Ray dan Langit menyukai keberadaan Dayu yang periang. Ray bahkan memberikan selendang kesayangannya untuk digunakan Dayu menutup kepala gundulnya pada beberapa jam pertama perjumpaan kami. Menurutku Ray memiliki firasat yang baik tentang perempuan ini, dan seperti ayahnya, Ray juga senang mengikuti kata hatinya. Dayu sangat rajin dan pandai memasak makanan yang lezat—semua yang sangat disukai Ray dan Langit, hingga tak lama untuknya mencuri perhatian dan kasih sayang mereka berdua. Diam-diam aku melatihnya untuk mengurusi Ray dan Langit. Tanpa ia sadari, Dayu menyerap semua hal yang kulatihkan dan kuberitahukan padanya. Termasuk di mana kami menyimpan uang dan benda-benda berharga jika sewaktu-waktu kami terpaksa harus menjualnya. Namun, Dayu tidak terlihat bergairah dengan semua yang ia ketahui itu. Ia bahkan pernah menunjukkan wajah muram ketika kuberitahukan kepadanya di mana aku menyimpan batu-batu berwarna kuning mengilat yang diburu banyak manusia.
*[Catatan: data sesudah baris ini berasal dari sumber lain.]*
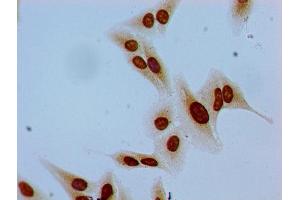 Immunocytochemistry analysis of Hela cells using ABIN7139620 at dilution of 1:100 (HIST1H1E 抗体  (pSer35))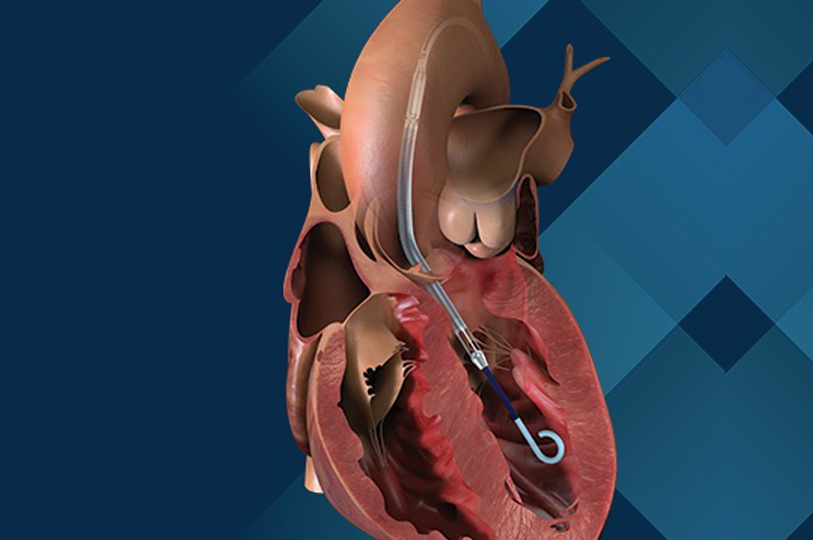 impella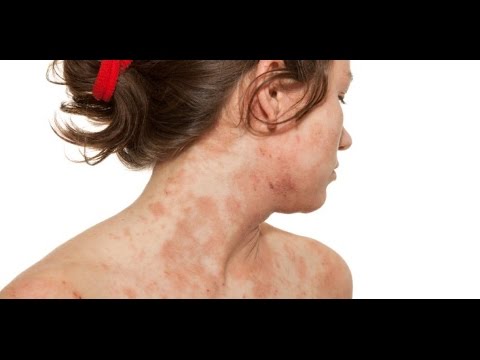 how to get rid prickly heat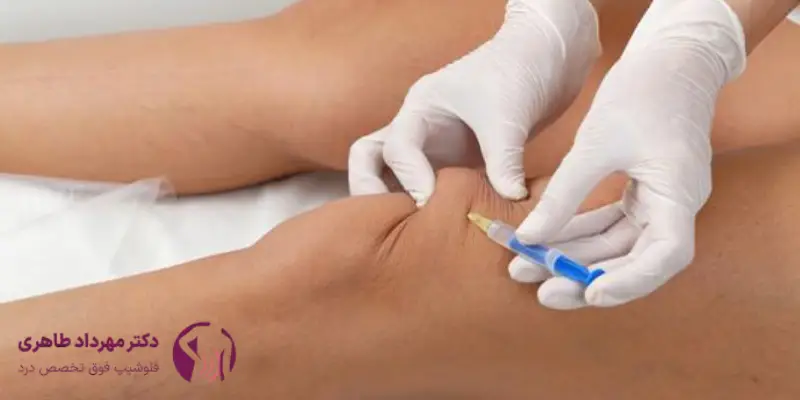 آیا اوزونتراپی برای سیاتیک موثر است؟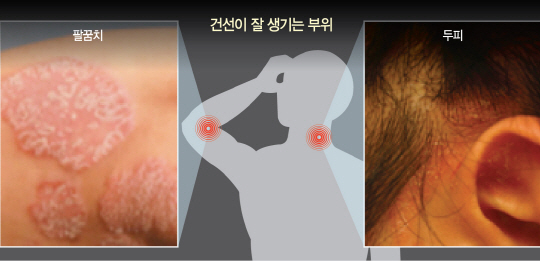 가을만 되면 온몸이 근질근질...습진 같은 너, 그이름은 건선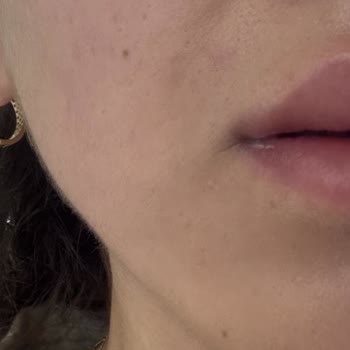 La Roche - Posay Eczaneden Aldığım Güneş Koruyucu Yüzümü Mahvetti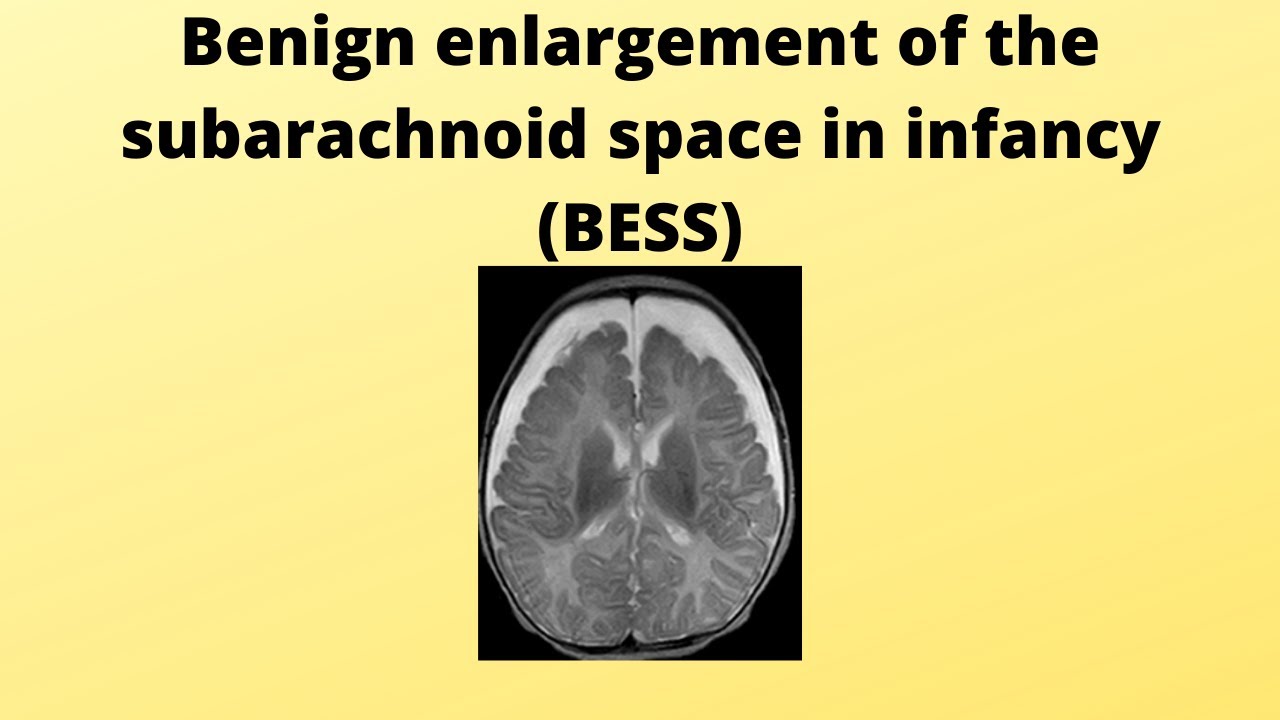 Benign enlargement of subarachnoid spaces YouTube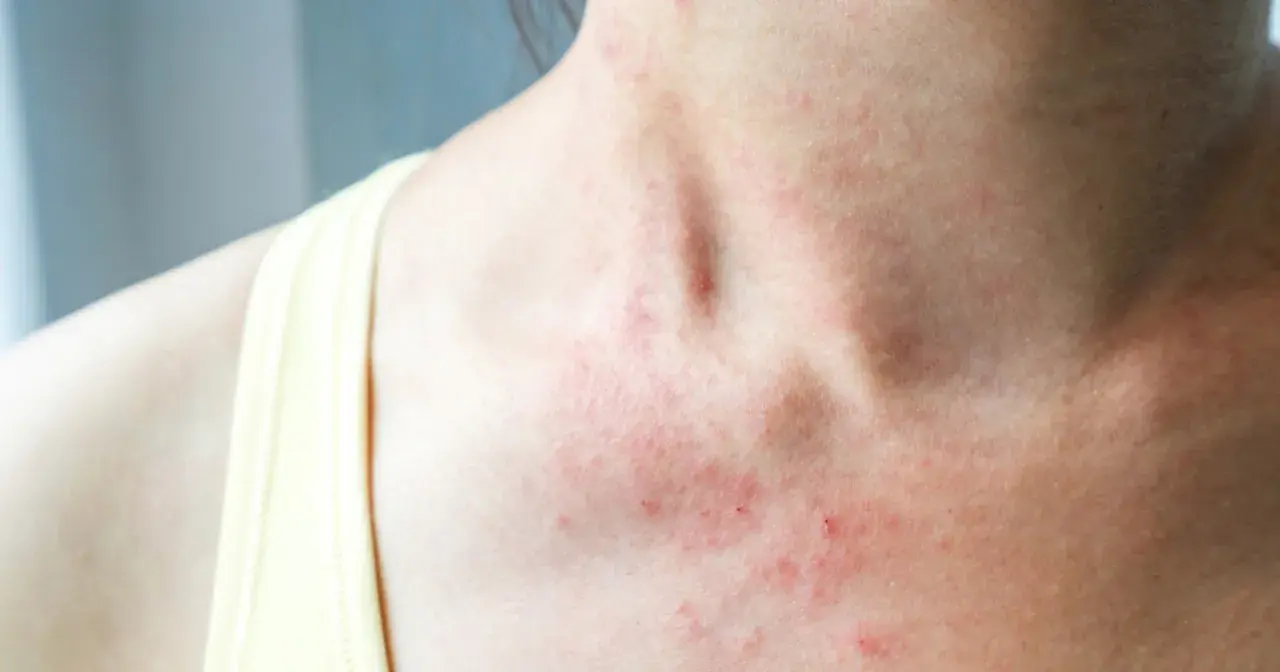 Skóra na szyi i dekolcie z zaczerwienieniem i wysypką. Może to być objaw alergii lub podrażnienia, na które czasem stosuje się nadmanganian potasu na co dzień.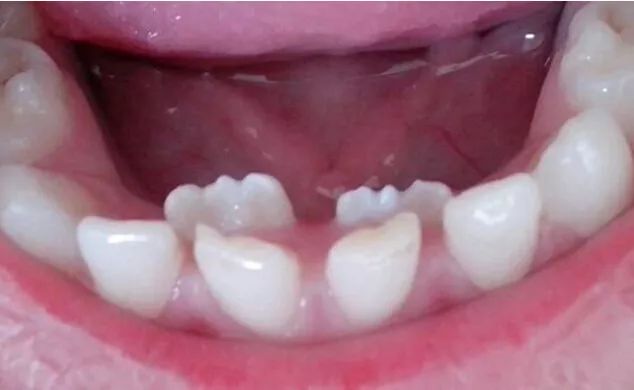 吃的食物过于精细,经常导致新牙从里面长出的时候乳牙还没有自行脱落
"Kenapa kau memperlihatkan tempat penyimpanan emasmu padaku? Kau ingin aku mencurinya dan pergi dari sini? Aku tak akan melakukannya." Aku merengkuh tubuhnya ke pelukanku, aku tak mengira ia akan berpikir seperti itu. Sepertinya ia merasa diuji, padahal aku tak suka melakukan hal seperti itu. Kukatakan padanya bahwa aku memercayainya, itu sebabnya aku memberi tahu padanya semua itu. Ia lalu menangis semakin kencang dalam pelukanku.
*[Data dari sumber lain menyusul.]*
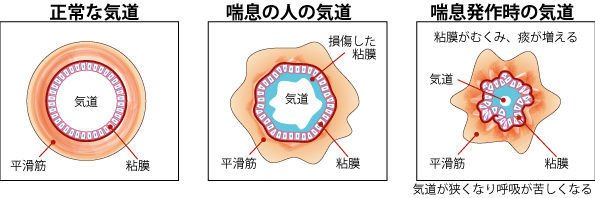 図：正常な気道と喘息の人の気道と喘息発作時の気道を示した図。喘息の人の気道、発作時の気道に狭窄が見られることを表す。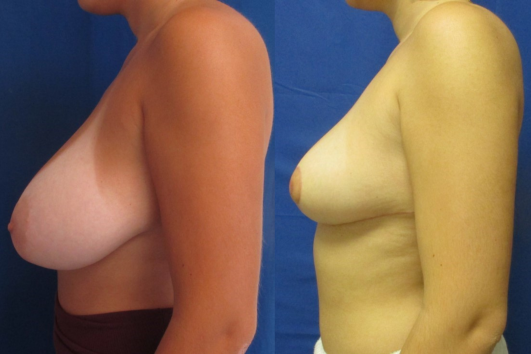 breast reduction before & after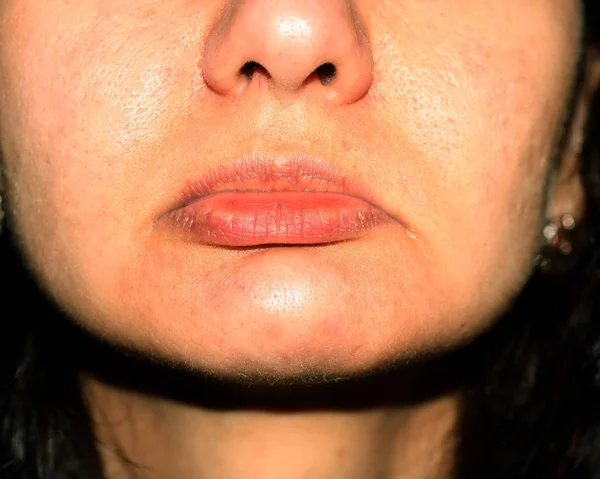 Labios con las esquinas bajas. Arrugas en los labios. Pliegues nasolabiales — Foto de Stock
"Kau seperti akan pergi… jangan…" isaknya. Aku tak tahu harus menjawab apa. Aku juga belum ingin berwasiat atau mengucapkan selamat perpisahan. Meskipun aku sadar betul, jika aku tak menggunakan kesempatan yang ada, bisa saja aku tak akan pernah punya kesempatan melakukannya. Aku hanya memeluknya semakin erat, dalam hati aku bersyukur ia datang ke rumah kami sebagai jawaban doaku. Aku kini siap jika tiba-tiba harus pergi lagi menjalankan tugas utamaku sebagai seorang damchi; melayani manusia istimewa; tanpa harus merasa khawatir membunuhnya lewat ketidakmampuanku untuk menentukan prioritas.
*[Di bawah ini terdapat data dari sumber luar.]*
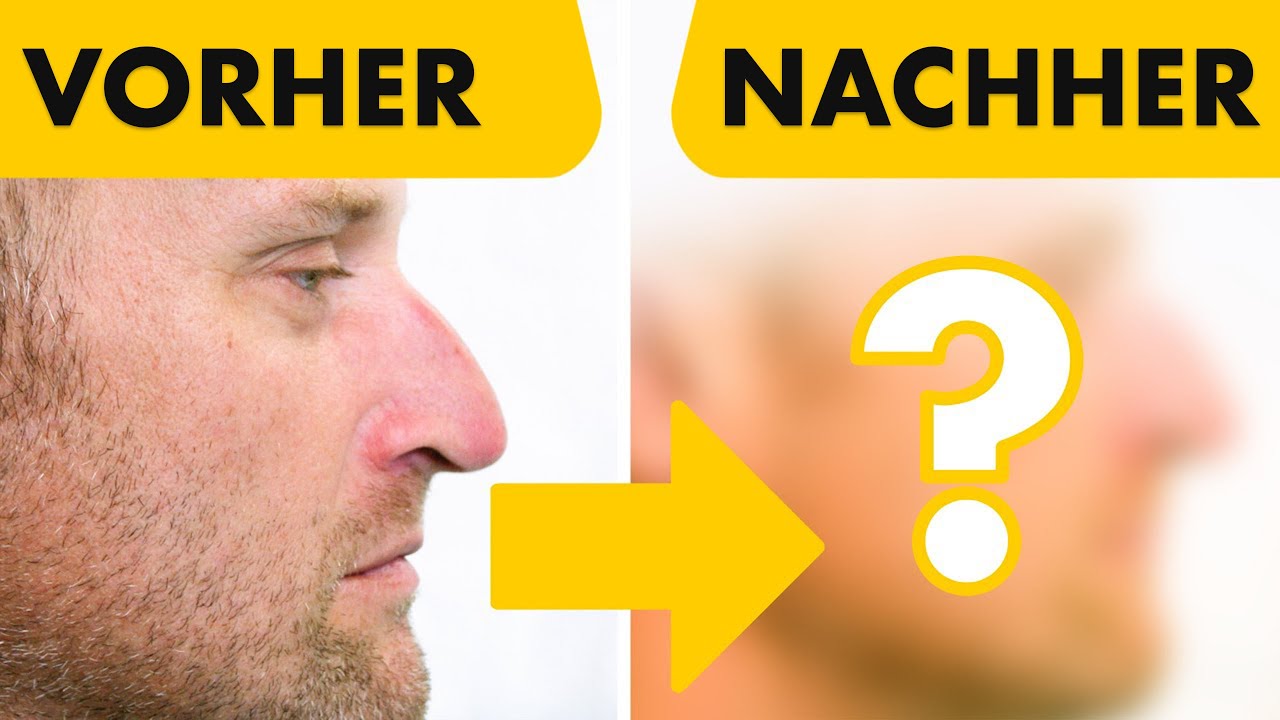 GESCHLOSSENE Nasen-OP: 2 Vorher / Nacher Ergebnisse | Nasenkorrektur beim Mann | Dr. Jungwirth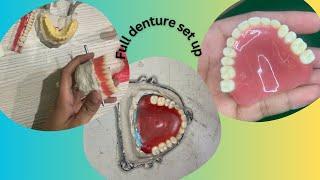 Full denture wax up #dentistry #dental #toothfairy #denture ​⁠@Umairazeem8553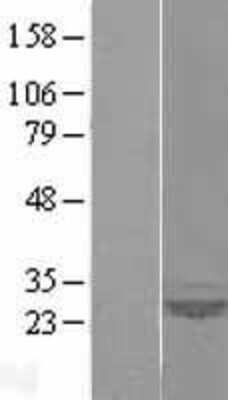 Western Blot: SAR1 Overexpression Lysate (Adult Normal) [NBL1-15691] Left-Empty vector transfected control cell lysate (HEK293 cell lysate); Right -Over-expression Lysate for SAR1.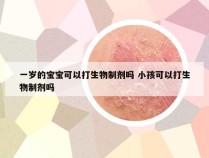 一岁的宝宝可以打生物制剂吗 小孩可以打生物制剂吗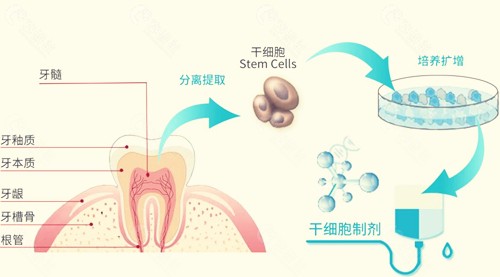 再生牙手术流程介绍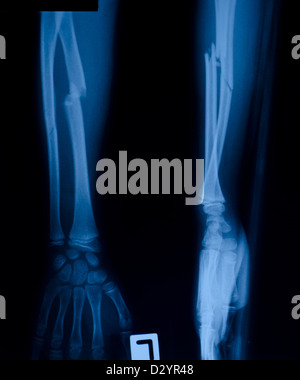 X-Ray Film des proximalen Radius-Fraktur Stockfoto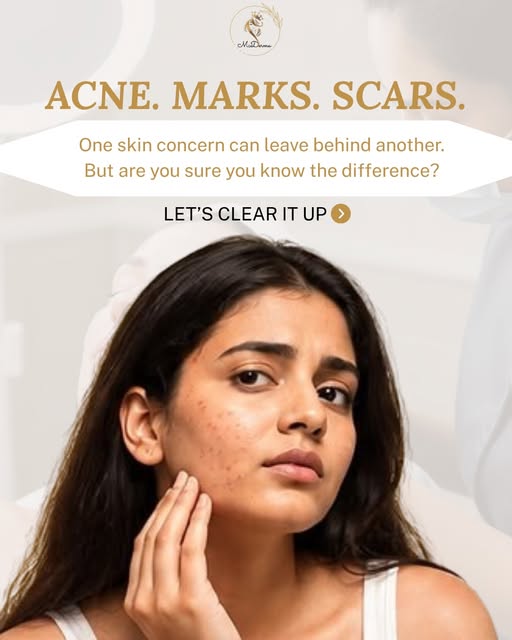 Still calling every skin concern “just acne”? Let’s clear that up. 👀✨

Active acne, acne marks and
"Kau tidak akan pergi, kan, Kandi?" Dayu memiliki indra ke-6 yang kuat. Ia tahu bahwa aku tidak mungkin melakukan semua yang kulakukan padanya kalau bukan karena aku membutuhkannya untuk menggantikanku melakukan semua tugas-tugas itu suatu saat nanti. Namun, tidak pernah kukatakan padanya kalau aku tahu apa yang berkecamuk di benaknya. Menurutku, ia akan sedikit ketakutan kalau mengetahui kemampuanku membaca pikirannya. Aku hanya senang melihat bagaimana Ray semakin dekat dengan Dayu, dan Langit akan berlari mencarinya setiap membutuhkan sesuatu, khususnya kalau ia merasa lapar. Menurutku aku sudah melakukan persiapan yang benar untuk anak-anakku. Melihat Ray dan Langit menyukai suasana gunung dan desa dan semua kesibukan di kebun bersama Dayu, aku juga jadi yakin kalau kedua anak itu tidak akan menjadi damchi. Madea pernah bercerita padaku bahwa seorang damchi bisa terlihat ciri-cirinya sejak kecil. Ia akan lebih senang tidur atau memandangi langit berlama-lama. Dua hal yang tidak pernah kulihat pada Langit ataupun Ray. Entah mengapa itu melegakanku.

"Aku senang kau menemukan jawaban atas permasalahanmu, Kandi… masalah berikutnya adalah jangan ragu-ragu ketika kau harus meninggalkan Ray dan Langit sekarang. Sudah ada Dayu, bukan?!" Karambi mungkin mengira aku bisa saja menggagalkan lagi segalanya. Melakukan berbagai kesalahan yang tidak perlu hanya karena perasaan. Aku terlalu lemah dalam beberapa hal. Itu yang dipikirkan teman-temanku sesama damchi. Mereka tidak habis pikir bagaimana aku bisa mencintai dan bercinta dengan manusia yang seharusnya menjadi tempatku mengabdikan diri. Hatiku yang lemah ini adalah misteri besar bagi mereka. Sesungguhnya misteri besar bagiku juga. Menyadari "kecacatan"-ku membuat aku sedikit tidak menyukai kehidupanku, tetapi aku akan membuktikan bahwa aku bisa menjalankan tugas-tugasku; dan bahwa aku tidak akan selalu membuat kesalahan seperti sebelum-sebelumnya. Tak pernah terucap janjiku itu, tapi aku tahu Karambi, Madea, Vong, dan yang lainnya sudah mendengar dan mengetahuinya. "Kalau orang terpilihmu yang berikutnya adalah seorang perempuan, mungkin kau tidak akan melakukan kesalahan yang sama, Kandi." Seolah kau bisa memilih kepada siapa kau akan ditugaskan, Karambi.